The Romans coined the name “Palestine” after the destruction of the Jewish Temple in 70 CE and the second Jewish revolt in 135. It is derived from the name of the Philistines, a group of Aegean invaders who settled in the area currently referred to as the Gaza Strip. The Philistines did not have control over the entire region in question for any amount of time, and the Romans used this renaming as a propagandistic way to remove all vestiges of Jewish identity, thus dealing a strong blow to Jewish nationalism in the area at that time.(1) The term “Palestine” has been used in the realm of Biblical studies for many years, however, only recently has the name become a politically charged term, making its use as a geographic term worthless.

The land originally had many names. The Akkadians called it Amurru, their name for the Amorites mentioned in the Bible, and the Hurrites referred to it as Arrapha. The Egyptians of different dynasties had different names for the land; in the Middle Kingdom it was called Retennu, and in the Eighteenth Dynasty it was classified geographically as Kharu (land of the Hurrites) and politically, with the land of Syria included, as Canaan (after the Canaanites). Canaan was also the name given to the land by the Hebrews when they came to it from captivity in Egypt.(2) Due to the uncontested nature of the name, the land will be referred to as “Canaan” for the purposes of this paper.

Closely related to this issue of denomination is the issue of Biblical studies. The Bible has always been the basis of the study of Canaan. In the past, most Biblical scholars were maximalists—they held the consensus that the Bible is a reliable guide to the history of ancient Israel, that the stories written within the Bible are true to the greatest extent possible, and that the Biblical record takes precedence over archaeological data being produced if that data seems to stand in opposition. These scholars were experts in Near Eastern history and culture (not just in Biblical studies), and their works were the foundation of Biblical studies for many years.

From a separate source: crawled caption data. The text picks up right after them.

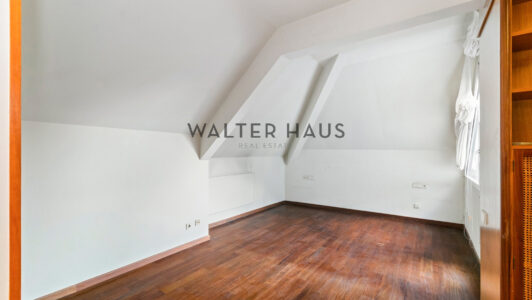WalterHaus_Valero201_179897.jpg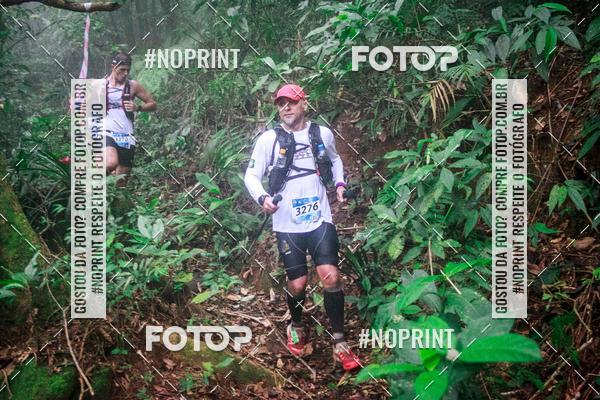 Buy your photos of the event2 edio DESAFIO CORJA | Pedra Branca on Fotop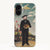 iPhone 17 / Slim Case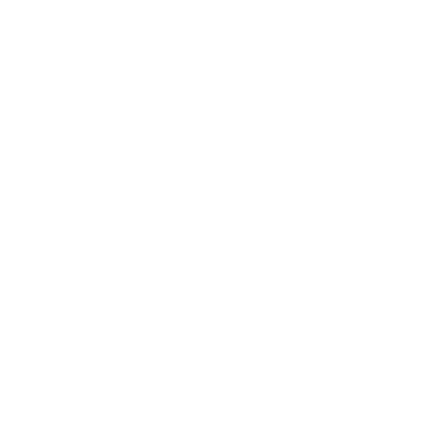 Instyut kreatywnej biologii logo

Within about the last thirty years, there has been a distinct change in the approach of some scholars to the text of the Bible. Some scholars, for example Keith Whitelam, have rejected the historicity of the Biblical stories, even going so far as to claim that Israel did not exist as a nation in the eleventh and tenth centuries BCE. By contrast, these new scholars are not experts in Near Eastern studies, and, for the most part, have an underlying political urge to present a history devoid of Jewish understandings for the purpose of combating the ideas of modern Zionism, not for obtaining an historical picture of the land.(3) These scholars do not unilaterally apply this politically based construct to other cultures. As is the case with Whitelam, it is used as a stepping-stone for spouting off political rhetoric against one group of people without applying the construct to the opposing group. The concepts expressed by these authors are detrimental to the area of Biblical studies because they deny this primary historical text its viability as a resource for study, thus relegating it to the realm of refuse. “Through the teachings of other religious authorities, the Hebrew highly exaggerated stories became factual accounts of the larger masses of mankind.” This quote is not from one of the aforementioned scholars, but from a booklet by Khalid Kishtainy called Palestine in Perspective.(4) That this propaganda booklet, published by the Palestine Liberation Organization (PLO), portrays the same anti-Biblical ideas as the scholars mentioned above is proof that these tactics are not built on good scholarship, but are a politically biased construct that should be surrendered for a more balanced view.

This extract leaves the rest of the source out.